Your instructions:
Every line from the one with "Eisbaden Neujahrsschwimmen Swim" up to and including the one with "Rebel DM-1020 USB" is to be output exactly as it appears below; pictures are not.

Data:
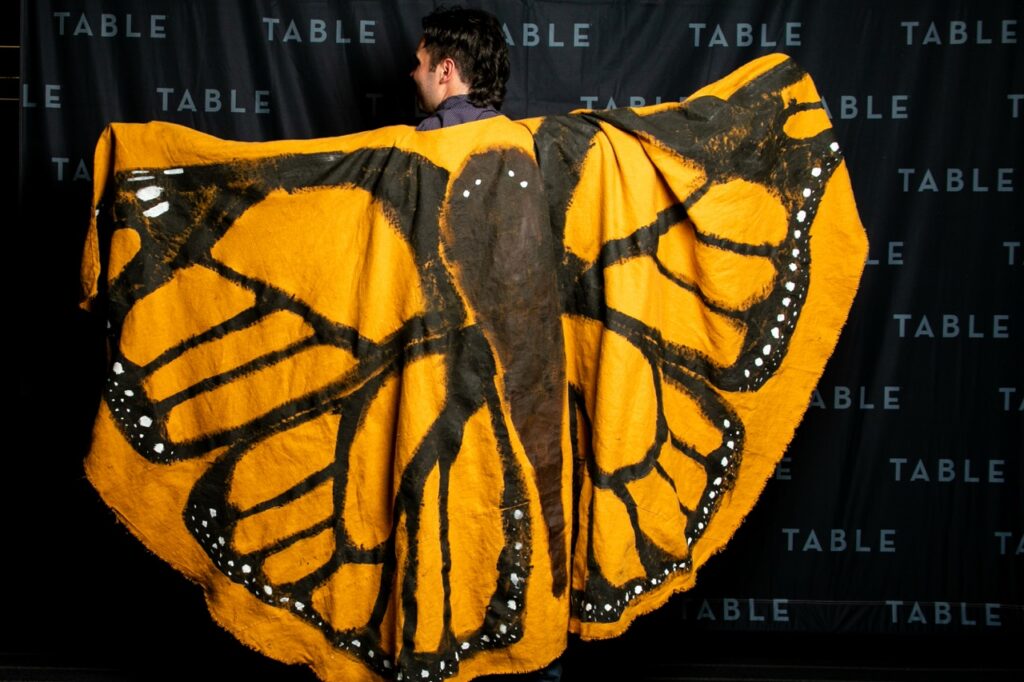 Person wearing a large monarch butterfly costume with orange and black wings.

==

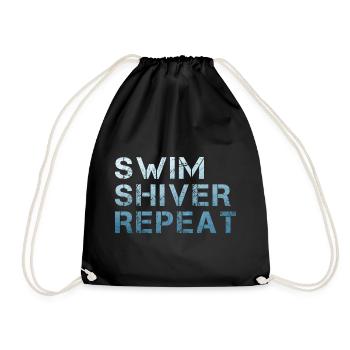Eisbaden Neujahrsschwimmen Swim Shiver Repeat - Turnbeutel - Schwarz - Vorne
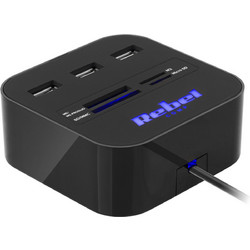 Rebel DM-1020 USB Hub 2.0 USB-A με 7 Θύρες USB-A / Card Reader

Answer to the exercise:
Eisbaden Neujahrsschwimmen Swim Shiver Repeat - Turnbeutel - Schwarz - Vorne
 Rebel DM-1020 USB Hub 2.0 USB-A με 7 Θύρες USB-A / Card Reader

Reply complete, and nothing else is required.